Segment Start: Given records

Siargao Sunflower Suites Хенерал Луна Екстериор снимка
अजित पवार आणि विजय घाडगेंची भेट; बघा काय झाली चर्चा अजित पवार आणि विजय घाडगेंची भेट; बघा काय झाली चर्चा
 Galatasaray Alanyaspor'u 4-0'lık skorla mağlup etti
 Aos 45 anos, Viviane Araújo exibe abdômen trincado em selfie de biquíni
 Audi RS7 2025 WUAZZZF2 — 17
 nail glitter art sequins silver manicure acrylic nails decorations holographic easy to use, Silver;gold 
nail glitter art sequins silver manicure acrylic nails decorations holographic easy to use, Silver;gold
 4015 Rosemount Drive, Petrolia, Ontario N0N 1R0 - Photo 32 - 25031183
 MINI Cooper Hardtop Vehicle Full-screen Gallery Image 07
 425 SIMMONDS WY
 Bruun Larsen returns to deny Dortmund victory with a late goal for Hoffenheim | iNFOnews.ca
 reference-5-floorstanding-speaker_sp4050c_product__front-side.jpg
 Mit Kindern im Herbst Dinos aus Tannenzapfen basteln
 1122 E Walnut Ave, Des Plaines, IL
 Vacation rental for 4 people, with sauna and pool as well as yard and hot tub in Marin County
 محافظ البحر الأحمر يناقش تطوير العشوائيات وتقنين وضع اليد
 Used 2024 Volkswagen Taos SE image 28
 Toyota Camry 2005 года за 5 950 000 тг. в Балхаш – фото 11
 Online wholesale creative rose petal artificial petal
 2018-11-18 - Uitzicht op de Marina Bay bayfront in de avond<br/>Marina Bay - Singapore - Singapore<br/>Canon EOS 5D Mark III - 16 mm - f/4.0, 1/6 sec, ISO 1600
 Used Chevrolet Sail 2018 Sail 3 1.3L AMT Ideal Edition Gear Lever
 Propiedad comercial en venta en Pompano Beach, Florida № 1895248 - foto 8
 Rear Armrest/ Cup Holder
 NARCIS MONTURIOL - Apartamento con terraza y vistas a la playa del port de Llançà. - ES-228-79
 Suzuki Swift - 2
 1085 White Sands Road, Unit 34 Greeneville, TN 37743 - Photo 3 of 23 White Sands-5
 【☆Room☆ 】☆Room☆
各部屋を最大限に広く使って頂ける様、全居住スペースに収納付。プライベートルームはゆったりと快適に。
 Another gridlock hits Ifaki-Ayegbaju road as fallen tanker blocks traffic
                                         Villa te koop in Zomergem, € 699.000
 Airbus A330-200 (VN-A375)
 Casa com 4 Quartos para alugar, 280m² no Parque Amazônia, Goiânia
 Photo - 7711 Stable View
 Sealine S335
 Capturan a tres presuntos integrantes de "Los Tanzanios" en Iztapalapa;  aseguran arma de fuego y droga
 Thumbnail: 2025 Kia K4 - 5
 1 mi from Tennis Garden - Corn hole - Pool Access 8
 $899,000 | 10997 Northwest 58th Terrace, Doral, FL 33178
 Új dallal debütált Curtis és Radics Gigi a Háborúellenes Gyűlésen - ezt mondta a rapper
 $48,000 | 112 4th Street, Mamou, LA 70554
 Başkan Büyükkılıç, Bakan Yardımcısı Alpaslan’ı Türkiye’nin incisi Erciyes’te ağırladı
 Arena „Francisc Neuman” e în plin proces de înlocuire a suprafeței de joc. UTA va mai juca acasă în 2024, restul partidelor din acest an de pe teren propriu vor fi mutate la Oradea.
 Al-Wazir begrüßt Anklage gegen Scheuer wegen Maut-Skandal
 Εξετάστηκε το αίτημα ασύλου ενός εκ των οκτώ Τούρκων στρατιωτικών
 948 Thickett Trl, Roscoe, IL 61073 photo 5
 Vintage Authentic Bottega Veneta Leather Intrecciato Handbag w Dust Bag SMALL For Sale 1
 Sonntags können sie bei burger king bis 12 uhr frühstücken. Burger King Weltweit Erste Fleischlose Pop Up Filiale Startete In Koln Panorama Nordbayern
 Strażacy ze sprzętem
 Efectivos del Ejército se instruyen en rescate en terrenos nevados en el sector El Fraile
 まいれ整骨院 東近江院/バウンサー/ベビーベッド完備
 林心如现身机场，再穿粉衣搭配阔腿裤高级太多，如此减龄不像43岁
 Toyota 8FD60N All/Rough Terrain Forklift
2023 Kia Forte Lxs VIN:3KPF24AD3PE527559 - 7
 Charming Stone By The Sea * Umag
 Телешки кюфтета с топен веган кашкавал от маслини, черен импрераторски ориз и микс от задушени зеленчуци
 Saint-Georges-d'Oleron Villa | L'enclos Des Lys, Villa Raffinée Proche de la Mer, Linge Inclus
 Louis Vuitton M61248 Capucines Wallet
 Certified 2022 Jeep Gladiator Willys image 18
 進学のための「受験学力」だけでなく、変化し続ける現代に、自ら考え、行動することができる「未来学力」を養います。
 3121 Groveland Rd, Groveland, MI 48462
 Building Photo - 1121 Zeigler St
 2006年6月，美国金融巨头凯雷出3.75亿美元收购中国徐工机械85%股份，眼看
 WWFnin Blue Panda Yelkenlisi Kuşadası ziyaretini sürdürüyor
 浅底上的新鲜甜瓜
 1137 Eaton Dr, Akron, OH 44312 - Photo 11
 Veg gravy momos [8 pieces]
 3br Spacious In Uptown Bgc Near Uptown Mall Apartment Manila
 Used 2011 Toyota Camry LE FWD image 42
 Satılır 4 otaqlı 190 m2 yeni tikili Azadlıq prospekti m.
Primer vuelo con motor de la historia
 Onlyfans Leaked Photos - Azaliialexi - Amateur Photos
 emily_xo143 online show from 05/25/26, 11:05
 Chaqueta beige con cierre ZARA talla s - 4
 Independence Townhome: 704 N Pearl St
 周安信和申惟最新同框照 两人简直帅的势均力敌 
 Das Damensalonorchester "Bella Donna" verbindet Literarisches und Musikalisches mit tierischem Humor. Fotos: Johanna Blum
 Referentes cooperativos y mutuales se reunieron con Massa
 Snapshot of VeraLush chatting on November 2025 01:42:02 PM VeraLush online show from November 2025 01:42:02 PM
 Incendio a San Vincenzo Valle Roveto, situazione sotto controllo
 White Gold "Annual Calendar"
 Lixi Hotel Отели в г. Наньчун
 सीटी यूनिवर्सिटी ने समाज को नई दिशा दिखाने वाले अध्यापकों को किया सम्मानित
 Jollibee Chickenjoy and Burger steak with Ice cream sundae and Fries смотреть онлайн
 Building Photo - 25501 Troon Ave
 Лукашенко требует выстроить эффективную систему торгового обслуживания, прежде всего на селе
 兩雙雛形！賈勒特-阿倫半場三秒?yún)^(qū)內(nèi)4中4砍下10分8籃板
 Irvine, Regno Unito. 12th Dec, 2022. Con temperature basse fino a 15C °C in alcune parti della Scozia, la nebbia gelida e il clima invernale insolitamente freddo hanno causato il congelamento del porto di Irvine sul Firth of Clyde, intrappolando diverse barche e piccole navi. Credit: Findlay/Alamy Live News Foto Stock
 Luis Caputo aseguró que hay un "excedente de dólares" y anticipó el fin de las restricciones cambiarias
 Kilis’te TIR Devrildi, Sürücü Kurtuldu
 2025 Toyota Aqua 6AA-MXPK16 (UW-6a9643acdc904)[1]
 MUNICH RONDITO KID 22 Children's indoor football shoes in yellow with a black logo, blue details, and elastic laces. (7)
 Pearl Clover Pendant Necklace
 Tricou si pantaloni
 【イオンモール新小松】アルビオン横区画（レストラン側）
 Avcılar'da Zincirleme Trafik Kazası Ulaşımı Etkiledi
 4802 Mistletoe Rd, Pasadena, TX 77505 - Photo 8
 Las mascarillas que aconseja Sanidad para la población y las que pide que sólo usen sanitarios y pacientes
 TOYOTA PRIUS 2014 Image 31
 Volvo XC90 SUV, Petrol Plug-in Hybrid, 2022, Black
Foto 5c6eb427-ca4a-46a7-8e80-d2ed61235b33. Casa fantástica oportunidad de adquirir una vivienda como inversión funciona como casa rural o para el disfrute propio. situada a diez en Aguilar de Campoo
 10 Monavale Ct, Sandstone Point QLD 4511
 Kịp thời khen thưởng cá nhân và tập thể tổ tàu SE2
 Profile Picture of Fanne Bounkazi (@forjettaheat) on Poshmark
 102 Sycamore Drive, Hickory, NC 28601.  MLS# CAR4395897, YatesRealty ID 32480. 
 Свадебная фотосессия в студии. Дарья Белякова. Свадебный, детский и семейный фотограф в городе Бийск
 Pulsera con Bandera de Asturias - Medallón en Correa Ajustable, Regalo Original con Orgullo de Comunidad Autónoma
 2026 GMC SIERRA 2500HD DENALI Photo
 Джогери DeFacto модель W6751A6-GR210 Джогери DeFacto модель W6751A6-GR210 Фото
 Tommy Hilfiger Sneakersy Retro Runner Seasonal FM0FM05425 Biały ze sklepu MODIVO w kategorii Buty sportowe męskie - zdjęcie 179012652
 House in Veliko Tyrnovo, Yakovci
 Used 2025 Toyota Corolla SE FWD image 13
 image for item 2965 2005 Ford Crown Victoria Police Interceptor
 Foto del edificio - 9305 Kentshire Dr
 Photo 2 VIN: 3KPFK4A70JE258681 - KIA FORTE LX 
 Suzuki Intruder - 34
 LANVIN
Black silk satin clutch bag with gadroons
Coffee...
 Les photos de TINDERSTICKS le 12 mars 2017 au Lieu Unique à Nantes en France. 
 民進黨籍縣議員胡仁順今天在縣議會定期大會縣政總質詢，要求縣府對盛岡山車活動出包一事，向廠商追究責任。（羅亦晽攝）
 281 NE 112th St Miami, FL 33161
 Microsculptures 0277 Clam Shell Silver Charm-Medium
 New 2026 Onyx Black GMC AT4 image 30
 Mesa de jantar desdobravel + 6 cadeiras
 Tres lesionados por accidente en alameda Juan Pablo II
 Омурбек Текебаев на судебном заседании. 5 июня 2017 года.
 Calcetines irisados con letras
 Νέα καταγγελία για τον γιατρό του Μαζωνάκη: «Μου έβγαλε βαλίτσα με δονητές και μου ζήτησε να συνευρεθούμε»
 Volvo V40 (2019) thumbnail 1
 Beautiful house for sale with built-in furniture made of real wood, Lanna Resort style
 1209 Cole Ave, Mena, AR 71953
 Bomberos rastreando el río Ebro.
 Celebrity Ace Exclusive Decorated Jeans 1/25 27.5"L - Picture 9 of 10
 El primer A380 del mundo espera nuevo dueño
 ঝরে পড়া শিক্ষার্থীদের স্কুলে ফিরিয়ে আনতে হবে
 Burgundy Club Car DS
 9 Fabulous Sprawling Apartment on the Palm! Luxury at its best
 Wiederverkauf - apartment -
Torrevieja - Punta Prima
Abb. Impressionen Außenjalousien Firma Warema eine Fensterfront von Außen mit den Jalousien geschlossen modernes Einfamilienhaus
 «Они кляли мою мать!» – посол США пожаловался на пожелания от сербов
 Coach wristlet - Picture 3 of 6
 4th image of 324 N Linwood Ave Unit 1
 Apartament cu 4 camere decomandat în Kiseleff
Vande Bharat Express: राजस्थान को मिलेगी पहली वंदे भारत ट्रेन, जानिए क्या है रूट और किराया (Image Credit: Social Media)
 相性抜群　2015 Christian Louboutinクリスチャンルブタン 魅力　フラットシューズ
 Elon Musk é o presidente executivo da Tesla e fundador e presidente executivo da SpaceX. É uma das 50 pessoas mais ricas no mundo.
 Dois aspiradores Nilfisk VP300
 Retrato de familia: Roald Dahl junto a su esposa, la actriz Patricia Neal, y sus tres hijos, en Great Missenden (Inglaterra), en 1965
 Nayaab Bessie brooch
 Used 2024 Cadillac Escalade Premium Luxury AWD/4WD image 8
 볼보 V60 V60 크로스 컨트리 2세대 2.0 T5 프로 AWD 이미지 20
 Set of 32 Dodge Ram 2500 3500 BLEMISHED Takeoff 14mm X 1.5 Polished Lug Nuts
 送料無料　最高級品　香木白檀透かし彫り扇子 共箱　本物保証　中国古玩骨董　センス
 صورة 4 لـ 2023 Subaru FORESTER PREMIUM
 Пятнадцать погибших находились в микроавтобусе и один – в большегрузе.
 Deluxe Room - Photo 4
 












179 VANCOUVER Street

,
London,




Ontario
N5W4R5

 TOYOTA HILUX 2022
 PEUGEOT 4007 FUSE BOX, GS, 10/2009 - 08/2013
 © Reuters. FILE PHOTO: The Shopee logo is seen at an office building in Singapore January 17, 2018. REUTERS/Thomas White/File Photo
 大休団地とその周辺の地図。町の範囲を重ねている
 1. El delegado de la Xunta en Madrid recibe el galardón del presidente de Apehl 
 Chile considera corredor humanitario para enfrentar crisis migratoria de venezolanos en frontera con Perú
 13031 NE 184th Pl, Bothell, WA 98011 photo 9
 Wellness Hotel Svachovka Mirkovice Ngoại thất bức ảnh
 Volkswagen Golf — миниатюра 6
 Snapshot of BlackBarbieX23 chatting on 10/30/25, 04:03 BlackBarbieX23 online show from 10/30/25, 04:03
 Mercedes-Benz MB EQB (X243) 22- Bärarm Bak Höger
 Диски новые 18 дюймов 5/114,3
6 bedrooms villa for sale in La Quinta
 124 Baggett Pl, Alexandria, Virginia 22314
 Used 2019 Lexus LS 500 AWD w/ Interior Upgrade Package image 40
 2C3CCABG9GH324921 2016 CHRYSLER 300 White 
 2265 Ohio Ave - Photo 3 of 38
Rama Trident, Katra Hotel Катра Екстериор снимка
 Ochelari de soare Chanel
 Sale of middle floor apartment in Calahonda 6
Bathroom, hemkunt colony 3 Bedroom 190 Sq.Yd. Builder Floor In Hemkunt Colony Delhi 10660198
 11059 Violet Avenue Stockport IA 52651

Segment End: Given records

## [Aim of the task]
Quote the data above from the line containing "Used 2019 Lexus" to the line containing "Ochelari de soare Chanel", inclusive, and stop.

## [Reply to the exercise]
 Used 2019 Lexus LS 500 AWD w/ Interior Upgrade Package image 40
 2C3CCABG9GH324921 2016 CHRYSLER 300 White 
 2265 Ohio Ave - Photo 3 of 38
Rama Trident, Katra Hotel Катра Екстериор снимка
 Ochelari de soare Chanel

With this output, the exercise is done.